The Power of Dynamic Distance Oracles: Efficient Dynamic Algorithms for the Steiner Tree

In this paper we study the Steiner tree problem over a dynamic set of terminals. We consider the model where we are given an $n$-vertex graph $G=(V,E,w)$ with positive real edge weights, and our goal is to maintain a tree which is a good approximation of the minimum Steiner tree spanning a terminal set $S \subseteq V$, which changes over time. The changes applied to the terminal set are either terminal additions (incremental scenario), terminal removals (decremental scenario), or both (fully dynamic scenario). Our task here is twofold. We want to support updates in sublinear $o(n)$ time, and keep the approximation factor of the algorithm as small as possible. We show that we can maintain a $(6+\varepsilon)$-approximate Steiner tree of a general graph in $\tilde{O}(\sqrt{n} \log D)$ time per terminal addition or removal.

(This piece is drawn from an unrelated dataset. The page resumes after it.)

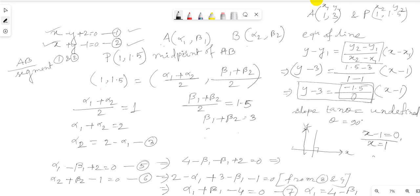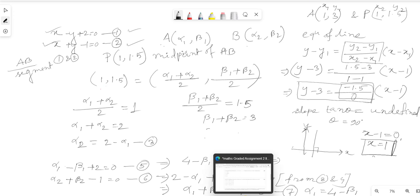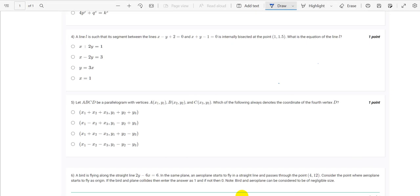So x equals 1 is the equation of line l. Checking the options, x equals 1 is indeed one of the given options, confirming this is our correct answer. Thank you.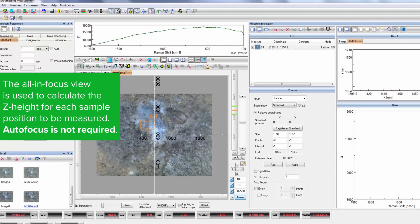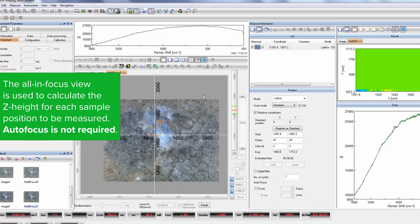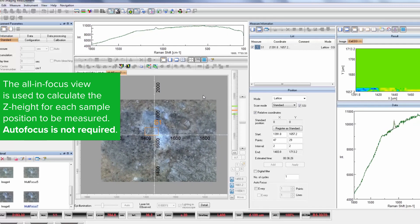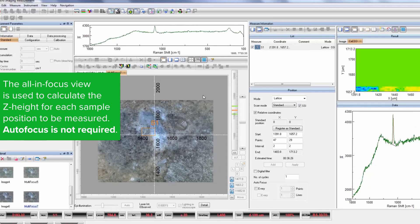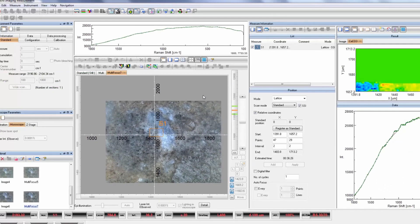In normal operation, as the stage moves from point to point, it's necessary to adjust the z height to create an automatic focal point to be measured.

Here, $D$ denotes the stretch of the metric induced by $G$. For planar graphs we achieve the same running time and the approximation ratio of $(2+\varepsilon)$. Moreover, we show faster algorithms for incremental and decremental scenarios. Finally, we show that if we allow higher approximation ratio, even more efficient algorithms are possible. In particular we show a polylogarithmic time $(4+\varepsilon)$-approximate algorithm for planar graphs. One of the main building blocks of our algorithms are dynamic distance oracles for vertex-labeled graphs, which are of independent interest. We also improve and use the online algorithms for the Steiner tree problem.